Presidents Cup Capsules
Oct. 09, 2015
INCHEON, South Korea (AP) — A capsule look at the fourballs matches Friday at the Presidents Cup:
Louis Oosthuizen and Branden Grace, International, def. Dustin Johnson and Jordan Spieth, United States.
International captain Nick Price figured the Americans were "going for the kill" by sending out this tandem. The South Africans were up to the task. They traded birdies early, and Johnson gave the Americans their only lead with an 18-foot birdie putt on No. 7. The turning point was a 70-foot birdie putt by Oosthuizen across the green at No. 8. Grace followed with a 15-foot birdie on the ninth and a 20-foot birdie on the 10th for a 2-up lead. Oosthuizen's birdie on the 14th made it 3 up, and Grace hit a wedge out of the rough that rolled up to inches of the cup for a conceded birdie on the 15th.
Sang-moon Bae and Danny Lee, International, def. Rickie Fowler and Jimmy Walker, United States, 1 up.
The International team never led until the final hole, when Bae delivered what International captain Nick Price described as the "highlight of the last two days for us." The Americans jumped out to a 2-up lead through three holes behind Fowler's 8-foot birdie and the International team unable to birdie the par-3 fifth. The Americans lost two holes around the turn and it was all square the rest of the way. Neither team could make a putt, and the Americans didn't make a birdie over the last 11 holes. On the 18th, Bae missed the green and chipped to 12 feet, and he poured in the birdie putt for the win.
Zach Johnson and Phil Mickelson, United States, halved with Adam Scott and Jason Day, International.
The scorecard shows a U.S. victory.

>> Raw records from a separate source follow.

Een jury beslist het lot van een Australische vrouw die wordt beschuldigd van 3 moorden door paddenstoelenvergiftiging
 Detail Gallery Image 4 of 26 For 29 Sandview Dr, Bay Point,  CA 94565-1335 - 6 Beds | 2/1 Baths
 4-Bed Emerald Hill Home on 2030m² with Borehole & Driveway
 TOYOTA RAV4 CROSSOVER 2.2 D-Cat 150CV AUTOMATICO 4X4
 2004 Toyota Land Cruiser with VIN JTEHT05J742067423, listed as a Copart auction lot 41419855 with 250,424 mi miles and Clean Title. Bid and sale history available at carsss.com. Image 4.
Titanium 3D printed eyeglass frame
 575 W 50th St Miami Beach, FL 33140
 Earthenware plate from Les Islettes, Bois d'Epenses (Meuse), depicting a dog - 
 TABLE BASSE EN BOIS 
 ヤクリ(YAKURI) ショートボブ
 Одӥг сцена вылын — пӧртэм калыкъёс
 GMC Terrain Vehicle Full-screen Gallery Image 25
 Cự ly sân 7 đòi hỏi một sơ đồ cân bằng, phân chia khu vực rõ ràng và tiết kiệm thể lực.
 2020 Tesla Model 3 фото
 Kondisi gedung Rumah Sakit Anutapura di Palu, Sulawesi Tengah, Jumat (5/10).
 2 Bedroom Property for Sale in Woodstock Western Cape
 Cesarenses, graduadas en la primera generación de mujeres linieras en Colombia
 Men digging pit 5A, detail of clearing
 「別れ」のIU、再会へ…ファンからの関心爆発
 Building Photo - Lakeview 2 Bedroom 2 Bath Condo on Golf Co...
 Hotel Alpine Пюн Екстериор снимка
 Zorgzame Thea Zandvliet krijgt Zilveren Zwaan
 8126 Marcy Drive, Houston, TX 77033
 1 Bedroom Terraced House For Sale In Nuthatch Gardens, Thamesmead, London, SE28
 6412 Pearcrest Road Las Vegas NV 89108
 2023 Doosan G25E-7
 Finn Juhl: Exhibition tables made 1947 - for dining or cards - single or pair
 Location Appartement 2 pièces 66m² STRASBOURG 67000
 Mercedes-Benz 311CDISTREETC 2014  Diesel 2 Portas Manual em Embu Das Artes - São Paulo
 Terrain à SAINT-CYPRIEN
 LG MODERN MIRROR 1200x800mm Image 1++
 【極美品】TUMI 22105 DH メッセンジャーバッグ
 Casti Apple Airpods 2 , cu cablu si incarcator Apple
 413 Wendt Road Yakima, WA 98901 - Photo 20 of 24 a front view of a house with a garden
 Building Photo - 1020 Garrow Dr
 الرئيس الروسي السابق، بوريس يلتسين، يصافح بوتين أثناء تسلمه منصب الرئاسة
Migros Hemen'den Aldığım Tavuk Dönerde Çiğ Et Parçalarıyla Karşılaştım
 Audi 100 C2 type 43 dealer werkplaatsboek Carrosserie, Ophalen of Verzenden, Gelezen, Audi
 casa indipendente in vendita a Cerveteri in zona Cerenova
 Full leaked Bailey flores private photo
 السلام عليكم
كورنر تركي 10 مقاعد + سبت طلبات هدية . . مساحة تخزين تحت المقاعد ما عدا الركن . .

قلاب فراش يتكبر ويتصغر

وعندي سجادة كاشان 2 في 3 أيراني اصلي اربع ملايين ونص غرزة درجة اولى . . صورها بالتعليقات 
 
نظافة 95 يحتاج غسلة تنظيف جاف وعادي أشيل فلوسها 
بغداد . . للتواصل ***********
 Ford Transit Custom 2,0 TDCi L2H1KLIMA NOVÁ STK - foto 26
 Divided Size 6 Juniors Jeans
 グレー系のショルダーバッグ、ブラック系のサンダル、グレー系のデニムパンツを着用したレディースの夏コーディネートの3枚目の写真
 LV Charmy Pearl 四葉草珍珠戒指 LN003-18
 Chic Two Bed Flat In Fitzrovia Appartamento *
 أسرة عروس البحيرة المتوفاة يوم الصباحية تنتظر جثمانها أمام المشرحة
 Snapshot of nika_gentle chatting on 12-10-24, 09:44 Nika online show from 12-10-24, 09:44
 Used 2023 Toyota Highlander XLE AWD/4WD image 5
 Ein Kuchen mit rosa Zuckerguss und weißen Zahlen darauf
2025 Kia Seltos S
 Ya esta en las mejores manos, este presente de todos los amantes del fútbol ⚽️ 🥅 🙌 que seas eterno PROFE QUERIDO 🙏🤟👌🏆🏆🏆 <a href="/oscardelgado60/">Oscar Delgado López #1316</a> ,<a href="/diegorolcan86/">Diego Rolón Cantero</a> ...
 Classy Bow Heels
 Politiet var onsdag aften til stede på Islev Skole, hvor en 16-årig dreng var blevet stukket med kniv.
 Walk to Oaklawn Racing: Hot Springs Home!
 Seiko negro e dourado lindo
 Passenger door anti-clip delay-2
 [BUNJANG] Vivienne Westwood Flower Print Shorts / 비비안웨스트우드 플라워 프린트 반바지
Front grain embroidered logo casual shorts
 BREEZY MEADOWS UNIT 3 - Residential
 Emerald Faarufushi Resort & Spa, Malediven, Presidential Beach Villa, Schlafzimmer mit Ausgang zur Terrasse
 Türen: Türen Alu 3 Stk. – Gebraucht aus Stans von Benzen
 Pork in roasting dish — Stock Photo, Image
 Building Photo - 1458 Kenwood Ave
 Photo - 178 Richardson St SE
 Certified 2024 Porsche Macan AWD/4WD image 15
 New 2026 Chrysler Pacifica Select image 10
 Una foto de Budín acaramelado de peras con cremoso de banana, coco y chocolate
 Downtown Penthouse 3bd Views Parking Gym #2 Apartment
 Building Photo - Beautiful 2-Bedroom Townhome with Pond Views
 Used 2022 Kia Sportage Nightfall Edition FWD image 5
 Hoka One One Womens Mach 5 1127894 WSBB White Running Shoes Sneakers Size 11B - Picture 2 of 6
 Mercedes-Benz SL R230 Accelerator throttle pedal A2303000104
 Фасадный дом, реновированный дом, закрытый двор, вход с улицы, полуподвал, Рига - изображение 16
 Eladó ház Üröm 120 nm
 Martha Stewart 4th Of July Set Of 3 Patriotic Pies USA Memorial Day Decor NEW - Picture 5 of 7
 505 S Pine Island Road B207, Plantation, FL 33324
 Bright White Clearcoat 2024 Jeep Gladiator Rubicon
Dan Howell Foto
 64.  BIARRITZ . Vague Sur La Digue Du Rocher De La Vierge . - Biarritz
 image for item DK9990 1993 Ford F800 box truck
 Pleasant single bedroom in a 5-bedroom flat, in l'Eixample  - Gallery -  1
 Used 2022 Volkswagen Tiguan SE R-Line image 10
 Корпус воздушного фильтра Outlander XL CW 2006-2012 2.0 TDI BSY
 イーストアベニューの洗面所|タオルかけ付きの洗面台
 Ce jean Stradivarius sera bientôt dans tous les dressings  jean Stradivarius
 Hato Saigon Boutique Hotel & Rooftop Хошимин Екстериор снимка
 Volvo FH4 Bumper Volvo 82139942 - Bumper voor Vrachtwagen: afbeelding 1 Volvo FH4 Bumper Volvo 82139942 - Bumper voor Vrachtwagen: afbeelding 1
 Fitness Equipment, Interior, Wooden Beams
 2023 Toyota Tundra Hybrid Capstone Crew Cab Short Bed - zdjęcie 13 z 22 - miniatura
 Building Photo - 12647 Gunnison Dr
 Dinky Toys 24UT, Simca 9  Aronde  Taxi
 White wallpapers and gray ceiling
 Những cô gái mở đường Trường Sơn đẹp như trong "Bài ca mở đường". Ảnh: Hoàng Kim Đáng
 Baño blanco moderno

Mickelson not knowing the rules led to a halve. The match was square through six holes when Mickelson decided to put a different golf ball in play to reach the green on the par-5 seventh. But there is a one-ball rule, and the penalty is a one-hole adjustment for the violation. The rules committee made a mistake by telling Mickelson he couldn't finish the hole, and Day won it with a birdie. The International side won the hole and received a one-hole adjustment, going from all square to 2 up. Mickelson battled back by making birdie on the 11th and holing a 142-yard bunker shot on No. 12. Day squared it with a birdie on the 15th. With Johnson in tight for a certain birdie on the 18th, Day made an 8-foot birdie putt for a half-point.
J.B. Holmes and Bubba Watson, United States, def. Marc Leishman and Steven Bowditch, International, 2 up.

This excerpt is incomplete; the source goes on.